Mount Index, East Face of the Middle Peak. To the climbers of the Pacific Northwest the three peaks of Mount Index have always presented a challenge. A series of remarkable and difficult ascents beginning in 1929 culminated with the ascent of the west face of the Middle Peak in 1960. The only remaining problem, and certainly the most challenging, was the east face of the Middle Peak. This is the most isolated of the three peaks, rising over 2000 feet from the west, and almost 3000 feet on the east face above Lake Serene. Not only would the ascent be a problem, but this would have to be followed by ascents and descents of either the North or Main Peaks. Eric Bjornstad and I set off early on the morning of August 18, circled Lake Serene, and approached the wall equipped, if necessary, to spend three days. Our intention was a continuous ascent without fixed ropes, even though they were used on the shorter east face of the North Peak. We climbed several hundred feet up the southern edge of the east face of the North Peak before roping. After two class V pitches we were at the extremely deep 2000-foot couloir separating the North and Middle Peaks. After crossing this rock-strafed couloir, we continued up the rock buttress to the left. After some 600 feet of easy and moderate roped climbing, with some very difficult brush, we arrived at a vertical step in the rib at 5 p.m. The piton cracks in this step were poor, and the rock brittle. One knife-blade piton shattered the apparently solid rock almost like an explosion, and both rock and piton vanished into the abyss. Another piton took half an hour to place. At the end of the rope I found myself still 30 feet below a ledge. I partially wedged one leg behind a giant, loose block, and anchored myself to a small and insecure bush to bring Eric up. He continued on over a shorter but equally difficult pitch, indicating that the pitons were still poor. He reached the ledge and I followed in the darkness, pulling some of the pitons out with my hands. Bivouac was made on two separate, sloping ledges, fifty feet above.
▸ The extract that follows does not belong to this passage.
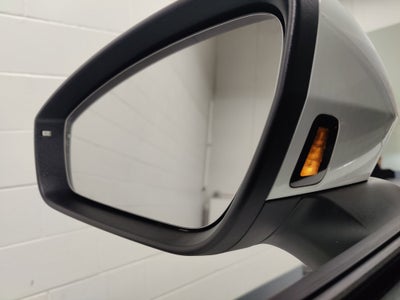 2024 Volkswagen ID.4 Standard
An incident occurred the next morning which would have had most serious consequences had I not been wearing a hard hat. With Eric in the lead, a large rock quite unnoticeably wedged under a bush came loose and fell about 70 feet landing squarely on my head. Both straps of the hard hat broke, and the hat itself was cracked. It is fortunate that the rock landed squarely on my head, for a rescue in this inaccessible spot forced by a broken arm or shoulder would have been on a scale of no other ever undertaken in Washington.
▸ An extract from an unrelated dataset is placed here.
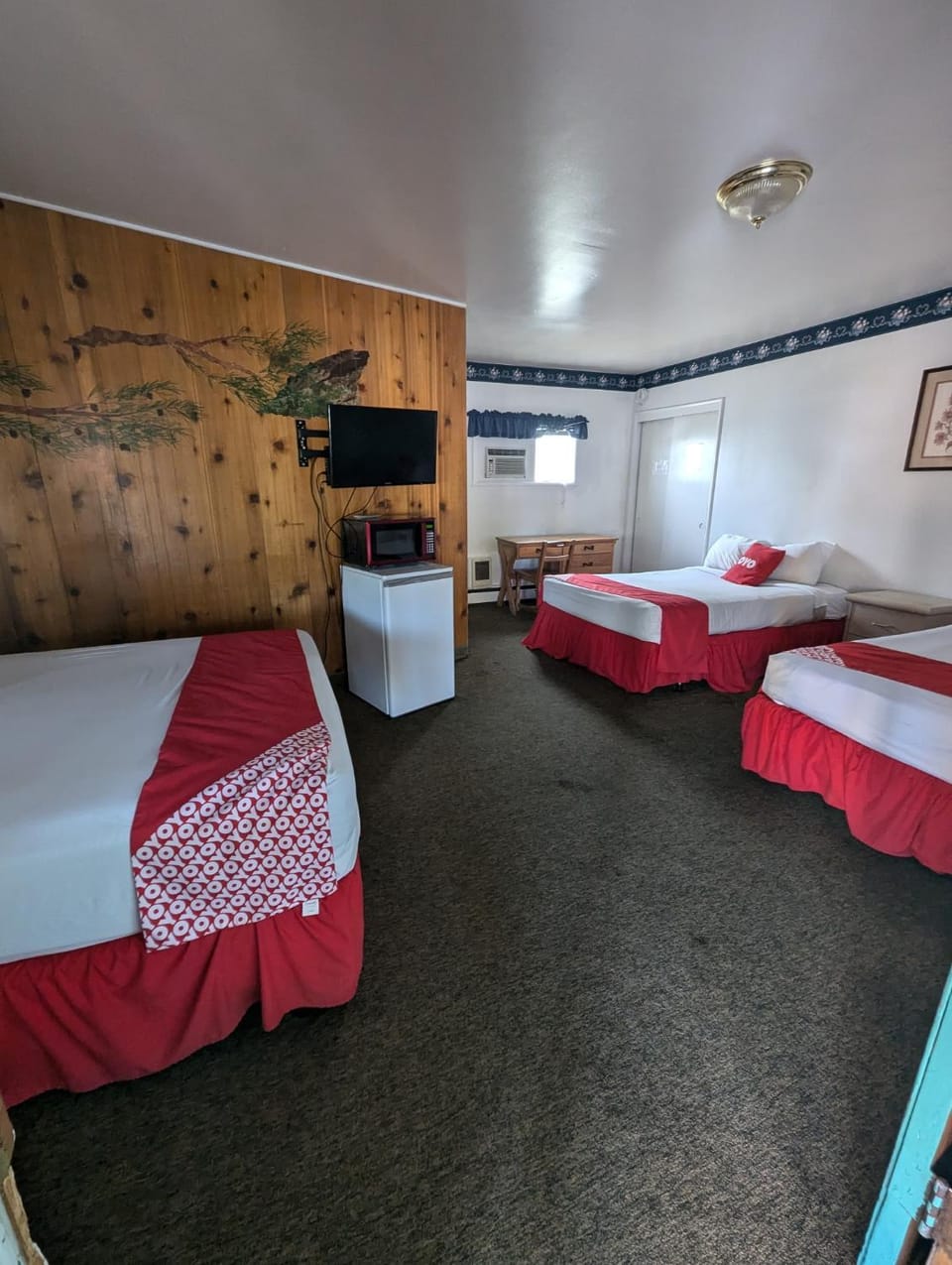 Silver Spur Motel Motel in Oregon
Some 500 feet above our bivouac we came to giant steps and towers in the rib. We passed the first 300-foot tower on the right, and while regaining the notch on the other side encountered an extremely rotten artificial pitch. The next tower was also bypassed on the right by an indistinct ledge system that we had studied from below. Regaining the ridge we ascended the remaining 500 feet, arriving at the summit early in the afternoon. This was the fourth ascent, each being by a new route. We descended to the notch between the Middle and Main Peaks, where we rested and replenished our water supply. Following a bivouac on the north face of the Main Peak, we arrived on the summit the next morning, bringing our adventure to an end.